Dalam sambutannya, Bupati Baharuddin menekankan bahwa pertemuan ini bukan sekadar ajang silaturahmi pascalebaran, melainkan forum strategis untuk merumuskan masa depan.
"Kegiatan ini menjadi wadah yang sangat strategis. Selain mempererat tali persaudaraan, kita juga bersama-sama merumuskan gagasan pembangunan daerah yang berbasis pada potensi nyata yang kita miliki di wilayah ASLAB ini," ujar Bupati.
Wilayah ASLAB yang juga dikenal dengan sebutan Sumatera Pantai Timur (Sumpatim) mencakup enam daerah otonom, yaitu Kabupaten Asahan, Kabupaten Batu Bara, Kabupaten Labuhanbatu, Kabupaten Labuhanbatu Utara, Kabupaten Labuhanbatu Selatan, serta Kota Tanjungbalai.
Muslim Simbolon: Perjuangan Sejak 2013, Bukan Kegiatan Makar
Ketua Komite, Muslim Simbolon, dalam paparannya memaparkan sejarah panjang perjuangan pembentukan provinsi baru ini. Ia menegaskan bahwa gerakan ini murni demi kesejahteraan rakyat dan sama sekali bukan kegiatan yang bertentangan dengan hukum.
"Gagasan ini telah dimulai sejak tahun 2013. Pada masa itu, aspirasi ini bahkan mendapatkan dukungan dari Gubernur Sumatera Utara saat itu, Bapak Gatot Pujo Nugroho.

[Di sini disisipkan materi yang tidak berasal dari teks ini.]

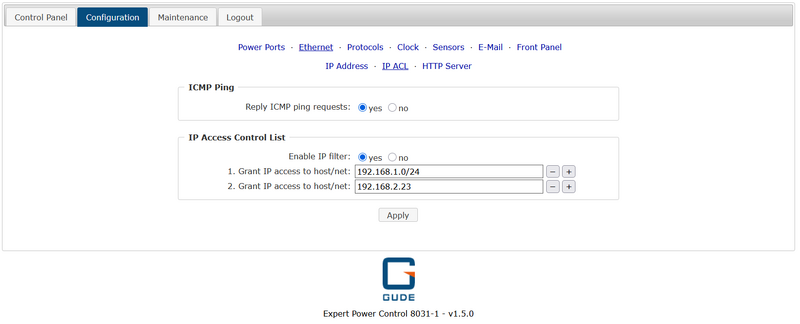 Datei:Zugriffskontrolle über IP-ACL.PNG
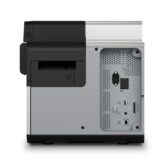 Epson ColorWorks C8000 6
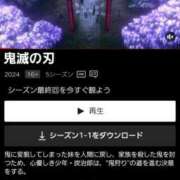 ヒメ日記 2025/07/02 18:38 投稿 りょう チューリップ土浦店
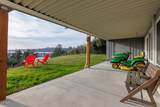340 Waldport Heights Drive - Photo 43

Kami tegaskan, perjuangan ini adalah perjuangan yang sah, bukan kegiatan makar, melainkan upaya sungguh-sungguh memajukan daerah," tegas Muslim Simbolon.
Kajian Akademik: Potensi Besar, Siap Berkembang
Sesi penting dalam forum ini adalah pemaparan Naskah Akademik Kajian Kelayakan Pemekaran yang disampaikan oleh M. Yusuf Harahap.
Secara ilmiah, kajian tersebut memaparkan bahwa ditinjau dari berbagai aspek, wilayah ini memiliki kelayakan yang kuat.
"Ditinjau dari sisi potensi ekonomi, kemampuan fiskal, serta aspek administrasi pemerintahan, kawasan ini dinilai memiliki peluang sangat besar untuk berkembang lebih cepat dan mandiri apabila berdiri sebagai provinsi sendiri. Sumber daya alam dan letak geografis menjadi modal utama," papar Yusuf.
Ahmad Doli Kurnia: Ada Dasar Hukum yang Jelas
Sementara itu, Anggota Komisi II DPR RI, Ahmad Doli Kurnia Tandjung, memberikan perspektif hukum dan politik. Ia menegaskan bahwa mekanisme pemekaran wilayah di Indonesia diatur secara jelas dan diperbolehkan oleh undang-undang.
"Pemekaran wilayah memiliki dasar hukum yang kuat. Selama memenuhi syarat objektif dan prosedur yang ditetapkan peraturan perundang-undangan, maka hal ini adalah hal yang sah dan diperbolehkan. Ini adalah bagian dari upaya mempercepat pembangunan dan pelayanan kepada masyarakat," jelas Ahmad Doli.
Kegiatan ini ditutup dengan harapan agar seluruh elemen masyarakat dan pemangku kepentingan dapat terus bersatu dan mendukung cita-cita mulia ini demi terwujudnya Sumatera Pantai Timur yang maju, sejahtera, dan bermartabat.